# Exercise details
Give back exactly the lines of the entries below from the line with "Fila polo store mens black" to the line with "Thoughtfully Cocktails: Mix", inclusive, and only those.

(Stored records)
########################################
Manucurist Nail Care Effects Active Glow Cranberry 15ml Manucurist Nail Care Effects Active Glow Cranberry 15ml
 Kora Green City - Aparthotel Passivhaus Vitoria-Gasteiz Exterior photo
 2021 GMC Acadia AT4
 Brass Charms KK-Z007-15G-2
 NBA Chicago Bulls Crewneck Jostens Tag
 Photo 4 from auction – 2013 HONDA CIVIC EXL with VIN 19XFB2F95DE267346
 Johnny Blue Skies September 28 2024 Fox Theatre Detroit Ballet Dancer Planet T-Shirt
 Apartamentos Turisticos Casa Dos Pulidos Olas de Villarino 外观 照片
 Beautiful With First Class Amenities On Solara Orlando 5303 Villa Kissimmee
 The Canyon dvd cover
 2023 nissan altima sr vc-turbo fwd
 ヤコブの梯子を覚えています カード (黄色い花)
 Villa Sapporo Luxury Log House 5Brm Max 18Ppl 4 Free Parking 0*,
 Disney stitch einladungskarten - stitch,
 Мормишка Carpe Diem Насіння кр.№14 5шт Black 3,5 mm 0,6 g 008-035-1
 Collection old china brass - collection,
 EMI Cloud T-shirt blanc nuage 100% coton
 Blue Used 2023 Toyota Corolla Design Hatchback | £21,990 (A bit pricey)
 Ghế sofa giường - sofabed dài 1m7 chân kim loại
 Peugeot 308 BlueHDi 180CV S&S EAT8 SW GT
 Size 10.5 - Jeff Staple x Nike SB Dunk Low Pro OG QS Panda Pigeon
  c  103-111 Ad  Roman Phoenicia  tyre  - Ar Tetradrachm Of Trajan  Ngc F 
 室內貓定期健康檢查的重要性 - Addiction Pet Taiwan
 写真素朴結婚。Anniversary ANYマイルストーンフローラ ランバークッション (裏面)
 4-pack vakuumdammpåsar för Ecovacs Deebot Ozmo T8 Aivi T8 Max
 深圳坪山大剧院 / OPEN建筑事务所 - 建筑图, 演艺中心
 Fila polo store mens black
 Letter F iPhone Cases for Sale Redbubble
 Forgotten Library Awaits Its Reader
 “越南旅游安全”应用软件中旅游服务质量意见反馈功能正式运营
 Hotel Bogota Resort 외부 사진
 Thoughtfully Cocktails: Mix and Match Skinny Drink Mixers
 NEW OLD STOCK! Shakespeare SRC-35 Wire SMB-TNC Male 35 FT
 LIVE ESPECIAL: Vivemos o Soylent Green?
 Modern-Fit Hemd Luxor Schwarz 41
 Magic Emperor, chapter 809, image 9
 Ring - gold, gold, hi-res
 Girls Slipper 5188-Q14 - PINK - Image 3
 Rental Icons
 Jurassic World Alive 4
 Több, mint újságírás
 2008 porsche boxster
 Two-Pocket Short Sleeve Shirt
########################################
# Task result
 Fila polo store mens black
 Letter F iPhone Cases for Sale Redbubble
 Forgotten Library Awaits Its Reader
 “越南旅游安全”应用软件中旅游服务质量意见反馈功能正式运营
 Hotel Bogota Resort 외부 사진
 Thoughtfully Cocktails: Mix and Match Skinny Drink Mixers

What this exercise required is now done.